Ben is not happy with all the stock advisors. He treats ethical standard of these advisor are worst then some businesses like smuggling, prostitution or politician's who are lobbying. These advisors are liars, cheaters and thieves. This includes discount brokers also who spend lot of money on advertisement on trading. Moral I understand by reading this chapter is  "Never ever ever seek any advise for security investment and better safe and late than sorry"

Most of the writing in this book is for layman investors. There are 5 main elements that an investor should go through which are as follows,
  • Long Term prospect
  • Quality of management
  • Financial strength and capital structure
  • Dividend Record
  • Current dividend rate
Every highlighted points that I have mentioned above can be analyzed from balance sheet, annual report and cashflow. Long term prospect can be found by looking at the cashflow, check if operations cashflows is negative and cash from financial activities are always positive indicates company has habit of cash carving from other people and can not generate cash for its own operation. We need to avoid such companies. By looking at the income statement we can see if revenues and net earning have grown smoothly and steadily over 10 years period of time.

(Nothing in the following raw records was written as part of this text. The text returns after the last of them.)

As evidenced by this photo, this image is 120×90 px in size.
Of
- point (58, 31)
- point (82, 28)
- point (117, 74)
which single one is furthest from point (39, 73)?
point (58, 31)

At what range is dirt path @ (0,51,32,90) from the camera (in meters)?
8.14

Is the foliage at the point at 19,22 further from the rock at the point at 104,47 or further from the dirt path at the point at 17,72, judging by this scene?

Quality of management can be viewed by using annual report. If we read the past annual report and see what management has promised and what management has actually delivered over period of time. We can also check if management is playing any blame game for poor performance in the past. Company can pay high salary to management but that need be justified with high gains and profits. Executives of cement or underware companies should not declare, they are on the verge of software revolution. Management should not sell their stocks. If management is reissuing stocks to insiders then we need to stay away from these companies. Also if they are issues new stocks, their generated profits will be shared by existing and new share holder. Also any established company that reprices options - as dozens of high tech firms did is a disgrace. Any investor who buys stock in such a company is sheep begging to be sheared. Executives must spend more time on managing and not promoting their investment. Also accounting practices need to be designed in such a that financial results must be transparent. If "nonrecurring" charges keep recurring, "extraordinary" items crop up often that they seem ordinary. Like EBITDA take priority over net income, or "pro forma" earnings are used to clock actual losses, you may be looking at a firm that not yet learned how to put shareholders long term interests first.

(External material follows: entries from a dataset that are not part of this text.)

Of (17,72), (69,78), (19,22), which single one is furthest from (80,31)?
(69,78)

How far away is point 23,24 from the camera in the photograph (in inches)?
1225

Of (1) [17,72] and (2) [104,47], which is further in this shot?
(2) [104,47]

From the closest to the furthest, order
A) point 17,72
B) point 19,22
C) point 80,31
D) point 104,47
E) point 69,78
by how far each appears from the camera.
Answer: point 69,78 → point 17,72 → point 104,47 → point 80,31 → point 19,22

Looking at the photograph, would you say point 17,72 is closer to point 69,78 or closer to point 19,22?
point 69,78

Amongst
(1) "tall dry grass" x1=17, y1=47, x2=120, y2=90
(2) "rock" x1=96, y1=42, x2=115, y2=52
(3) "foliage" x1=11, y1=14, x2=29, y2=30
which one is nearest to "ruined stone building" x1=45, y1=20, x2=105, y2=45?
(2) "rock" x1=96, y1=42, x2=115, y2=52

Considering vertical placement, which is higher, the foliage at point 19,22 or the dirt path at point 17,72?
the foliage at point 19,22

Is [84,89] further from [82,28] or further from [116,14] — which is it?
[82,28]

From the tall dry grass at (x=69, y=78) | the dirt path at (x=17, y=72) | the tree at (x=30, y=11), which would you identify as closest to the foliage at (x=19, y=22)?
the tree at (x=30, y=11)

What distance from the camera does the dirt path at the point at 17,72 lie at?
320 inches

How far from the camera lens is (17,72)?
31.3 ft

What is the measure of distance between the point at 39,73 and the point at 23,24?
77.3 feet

Financial strength and capital structure can be seen by looking at the cashflow and balance sheet carefully. Company should generate more cash then it consumes. We can calculate margin of safety by using Bruce Greenwald book.
Ben suggested that we need look cashflow, balance sheet over the period of time and not for single year. For industrial company, current assets should be at least twice  as that of current liabilities or so called two is to one ratio and long term debt should not exceed the net current assets. 

As per Graham selection criteria for common stocks must be,

Debt to equity <0.4 AND
Free cash flow 10years > 10 AND
Price to Earning < 15 AND
Profit growth 10Years > 10 AND
Price to book value < 0.5 AND
Current assets  > 2*Current liabilities AND
Debt < 2*(Book value * Number of equity shares) AND
Working capital >Debt

These common stock can not outperform growth stock. For growth stock we need to apply qualitative and quantitative approach. Case studies in the last section to compare equities are also important to get a clear idea on how we can apply basic criteria to identify stocks.

In the last part of the book Ben has provided significance of margin of safety. But I will prefer the calculation of margin of safety suggested by Bruce Greenwald. Also Ben is more focused on  diversification. But diversification is for those who do not know what they are doing. Highest rewards can be obtained by concentrations only. But to do concentration in portfolio we need to be more focused.